I see too many people trying to justify this, saying well you can't learn without doing and start breeding all over the place because of this. That's kinda stupid. That's like trying to learn algebra without knowing how to multiply and divide, if that makes any sense. 

As for becoming a reputable breeder, that kinda goes without saying...health checks, OFA, whatever else is the norm for your breed, etc. etc., titles OR you gotta be able to justify it otherwise (like have enough of a name so people know you know what you're doing, otherwise don't expect to charge 1900 per puppy from untitled parents), always be there for your puppies and buyers no matter how many years down the road, own up to your guarantees and beyond, just basic good business practices. Reputation spreads like wildfire, good or bad.


----------



## Howard Gaines III (Dec 26, 2007)

Ashley Hiebing said:


> I really have no intentions of being a breeder in the foreseeable future, but I'm curious as to how one becomes a "reputable" breeder?
> 
> I'll leave this open-ended for now, I might ask more specific questions later.


Be a person of your word! \\/


----------



## Betty Mathena (Apr 19, 2006)

To me a reputable breeder is one who conducts the business end honestly and ethically.
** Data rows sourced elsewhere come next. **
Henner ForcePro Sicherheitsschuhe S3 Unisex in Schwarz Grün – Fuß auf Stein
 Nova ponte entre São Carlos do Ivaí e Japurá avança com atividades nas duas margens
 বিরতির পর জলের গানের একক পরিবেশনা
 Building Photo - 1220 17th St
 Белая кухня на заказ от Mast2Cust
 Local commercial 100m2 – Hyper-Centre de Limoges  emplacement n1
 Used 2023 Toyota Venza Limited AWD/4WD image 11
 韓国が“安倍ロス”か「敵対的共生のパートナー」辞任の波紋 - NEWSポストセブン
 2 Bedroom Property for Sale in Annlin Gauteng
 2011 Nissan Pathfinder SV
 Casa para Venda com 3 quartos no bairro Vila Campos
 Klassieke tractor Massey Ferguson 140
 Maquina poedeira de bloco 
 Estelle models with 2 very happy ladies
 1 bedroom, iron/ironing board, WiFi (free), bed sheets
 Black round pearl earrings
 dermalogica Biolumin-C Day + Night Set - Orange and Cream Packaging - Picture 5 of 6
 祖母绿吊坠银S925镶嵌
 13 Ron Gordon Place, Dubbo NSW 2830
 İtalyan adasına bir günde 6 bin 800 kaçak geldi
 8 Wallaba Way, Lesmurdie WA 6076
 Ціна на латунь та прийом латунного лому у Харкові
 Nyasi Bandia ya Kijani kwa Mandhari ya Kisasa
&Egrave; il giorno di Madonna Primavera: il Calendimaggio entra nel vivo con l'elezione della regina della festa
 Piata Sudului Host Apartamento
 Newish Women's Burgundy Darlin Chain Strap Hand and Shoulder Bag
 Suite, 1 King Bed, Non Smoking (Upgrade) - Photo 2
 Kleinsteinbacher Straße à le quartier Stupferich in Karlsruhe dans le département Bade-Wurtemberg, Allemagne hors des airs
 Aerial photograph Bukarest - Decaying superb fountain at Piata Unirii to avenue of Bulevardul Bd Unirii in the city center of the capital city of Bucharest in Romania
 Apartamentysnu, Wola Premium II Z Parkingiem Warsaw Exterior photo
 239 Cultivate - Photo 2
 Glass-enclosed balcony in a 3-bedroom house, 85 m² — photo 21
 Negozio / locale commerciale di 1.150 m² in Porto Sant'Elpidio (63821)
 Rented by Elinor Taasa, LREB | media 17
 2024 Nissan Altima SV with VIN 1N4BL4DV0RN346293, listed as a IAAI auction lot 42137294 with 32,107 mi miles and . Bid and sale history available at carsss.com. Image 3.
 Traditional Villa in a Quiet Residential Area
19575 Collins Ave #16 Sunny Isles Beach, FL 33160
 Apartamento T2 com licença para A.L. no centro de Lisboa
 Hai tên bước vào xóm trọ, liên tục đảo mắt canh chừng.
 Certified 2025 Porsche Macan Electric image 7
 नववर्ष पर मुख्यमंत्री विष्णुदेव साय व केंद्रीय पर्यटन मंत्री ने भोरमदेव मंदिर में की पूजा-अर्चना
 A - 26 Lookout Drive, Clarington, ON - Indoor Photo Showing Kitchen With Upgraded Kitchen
The proof/test normally comes when there is a dispute.


----------



## Ashley Hiebing (Apr 6, 2008)

Howard Gaines III said:


> Be a person of your word! \\/


All right, all right.

I've heard people talking about getting a "mentor." How does one go about getting one?


----------



## Lyn Chen (Jun 19, 2006)

...find someone who can stand being around a newbie.


----------



## Maren Bell Jones (Jun 7, 2006)

Here's what I like to see:

-health tests: OFA/PennHip for hips (and elbows), CERF, maybe thyroid and heart too, especially for certain breeds
-temperament tests: the AKC CGC, the ATTS temperament test, the TDI test, the BH, etc
-titled and/or tested "working" (can be actual working, working sport, or sport) parents and relatives. I don't like to see breeders who don't do anything with the females and just work the males, but breed the females just on their bloodline. 
-early neurological stimulation. I don't think I'd get another puppy from a breeder who didn't do this
-is at least somewhat knowledgeable about holistic nutrition. They don't need to feed homecooked or raw, but just don't be feeding Ol' Roy or Purina.
-raises the puppies in a house situation or at least they get to come in the house every day. My dogs are house dogs, not kennel dogs, so I don't want them freaked out the first time they hear a pot dropped on the ground or when I run the vacuum
-exposure to a LOT of stuff: kids, other animals, motorcycles, car rides, being in a crate, etc


----------